Bogus US SEC notification leads to malware
Notifications purportedly sent by the US Securities and Exchange Commission have been hitting inboxes and trying to trick users into following a malicious link, warns GFI.
The message reads:
From: “Homer Hutchinson”
Subject: Notification of securities investigation against your company.
Message body:
Dear customer, Securities and Exchange Commission Whistleblower office has received complaint about possible infringement at your company, including Unregistered securities offering, involving such financial products as swaps.Failure to provide a reply to this complaint within 28 day period will result in Securities and Exchange Commission investigation against your company.
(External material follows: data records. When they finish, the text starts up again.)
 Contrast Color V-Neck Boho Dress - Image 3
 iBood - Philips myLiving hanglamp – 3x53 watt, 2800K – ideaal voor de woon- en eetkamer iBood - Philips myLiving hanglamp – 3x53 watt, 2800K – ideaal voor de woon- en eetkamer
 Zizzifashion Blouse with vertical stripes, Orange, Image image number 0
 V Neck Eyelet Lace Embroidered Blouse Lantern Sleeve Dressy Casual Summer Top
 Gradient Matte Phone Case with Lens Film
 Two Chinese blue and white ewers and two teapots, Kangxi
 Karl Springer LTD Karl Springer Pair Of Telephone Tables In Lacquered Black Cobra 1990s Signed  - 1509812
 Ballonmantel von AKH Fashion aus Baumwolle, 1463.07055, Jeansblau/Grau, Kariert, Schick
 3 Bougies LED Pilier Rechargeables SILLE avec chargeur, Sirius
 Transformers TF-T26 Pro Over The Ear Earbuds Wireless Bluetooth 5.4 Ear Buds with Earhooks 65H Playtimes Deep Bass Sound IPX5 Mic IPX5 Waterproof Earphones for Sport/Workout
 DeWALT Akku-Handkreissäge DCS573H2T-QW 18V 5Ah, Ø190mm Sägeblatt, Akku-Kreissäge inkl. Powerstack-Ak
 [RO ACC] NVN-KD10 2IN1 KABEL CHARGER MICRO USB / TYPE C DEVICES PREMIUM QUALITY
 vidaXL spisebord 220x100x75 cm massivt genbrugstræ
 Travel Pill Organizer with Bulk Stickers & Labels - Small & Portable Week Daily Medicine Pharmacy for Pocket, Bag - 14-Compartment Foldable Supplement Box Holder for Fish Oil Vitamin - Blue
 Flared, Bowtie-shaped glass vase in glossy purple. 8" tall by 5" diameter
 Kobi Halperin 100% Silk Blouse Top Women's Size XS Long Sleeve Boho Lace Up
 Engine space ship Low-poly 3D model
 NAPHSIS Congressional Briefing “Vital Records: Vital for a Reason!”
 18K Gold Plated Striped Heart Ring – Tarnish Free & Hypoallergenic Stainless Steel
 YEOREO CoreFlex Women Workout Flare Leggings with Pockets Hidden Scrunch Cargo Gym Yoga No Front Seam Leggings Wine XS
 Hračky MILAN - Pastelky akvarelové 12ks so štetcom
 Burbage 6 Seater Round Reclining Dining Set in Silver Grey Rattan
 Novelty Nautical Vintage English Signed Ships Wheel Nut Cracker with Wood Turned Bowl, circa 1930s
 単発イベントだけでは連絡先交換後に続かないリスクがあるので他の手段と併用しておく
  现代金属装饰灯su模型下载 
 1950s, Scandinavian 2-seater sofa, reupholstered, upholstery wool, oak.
You can have access to the complaint details in U.S. Securities and Exchange Commission Tips, Complaints, and Referrals portal under the following link:
Complaint details (link)
(SEC physical address)
Those unfortunate enough to open it will be redirected through a number of sites and will finally end at one that hosts the Blackhole exploit kit, which is able to take advantage of a number of Adobe Reader, Acrobat and Flash vulnerabilities, as well as some on Java and Windows Media Player.
If the kit manages to exploit one of those, the user is finally taken to a website where he can download the about.exe file.
Sadly, this is not a document containing details of the complaint, but a variant of the Zeus/Zbot information-stealing Trojan that is currently detected only by a dozen of the AV solutions employed by VirusTotal.